Saturday, September 29, 2012

"Sea Oats" Painting Revisions

     "Sea Oats", a 12" x 16" acrylic painting, is still a work in progress, but I think some current revisions have improved it. The newer version seen above now hangs on the studio wall for consideration. This piece will be part of a special exhibit I will have at Paddiwhack Gallery in Gainesville, Florida in less than a month. In spite of some on-going personal obstacles to getting maximum work done right now, I am determined to complete this painting and one larger piece in time to hang in Paddiwhack's honored front nook for a six week mini-show with other recent works. A previous post showed you the first exhibit I brought to this amazing store back in the spring of 2011.

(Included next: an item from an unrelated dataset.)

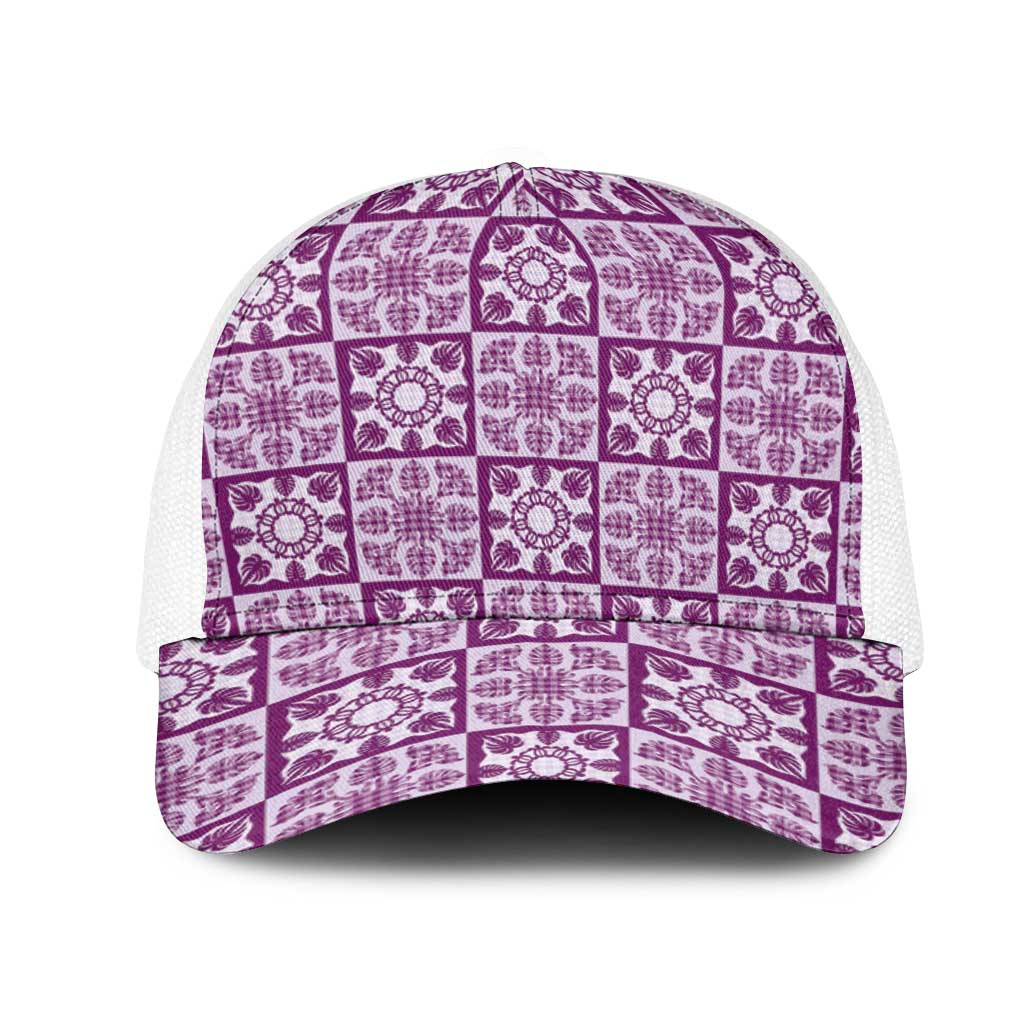 Poni Palaka Quilt Hawaii Mesh Trucker Cap Hawaiian Tropical Monstera Sea Turtle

     Some of you were very complimentary about the earlier version of "Sea Oats" I showed you awhile ago--seen below--but it wasn't quite satisfactory for me. It was too "pink" for my taste (others will differ on palette preferences, of course) and lacked punch. My mentor, Linda Blondheim, agreed, calling it a "pretty enough" picture, but also feeling that it was somewhat bland. 

     So, having added more tonal contrast, a more interesting sky, and more variation in the tones of the grasses and sea oats on the dune, I am happier with the piece. I have also reduced the power of the pink areas, substituting some quiet golden glow. Still am considering some minor adjustments, and may (or may not) change the placement of the birds (which will be sharpened a bit once their location is definite). Since I have signed up for one more week of Linda Blondheim's excellent e-critique, we will see what she thinks of this work once I have one other, larger piece ready for her assessment as well. She is a super teacher and guide and always understands that I may or may not include all her suggested revisions in the final form. As I have confessed to you before, I always have trouble knowing when a painting is finished (or finished enough, given that one could continue revising indefinitely--a process that eventually begins to detract from the vitality and impact of a work). So, Linda's assessment is also tremendously helpful in making that decision to sign a painting, give it a protective coat of medium, and consider it ready for prime time.
Question of the day: In any undertaking, do you agree that the assessment and revision process is almost as significant as the original concept for a good outcome?

Sunday, September 16, 2012

Favorite Paintings from 2007 and 2008

     Thinking back on the relatively few years I have been painting, I browsed the photo file, viewing earlier works, and spent some time feeling grateful for this rewarding pursuit. A few favorite early paintings stood out, although each and every piece has some interesting features, and each represents creative learning and growing experiences.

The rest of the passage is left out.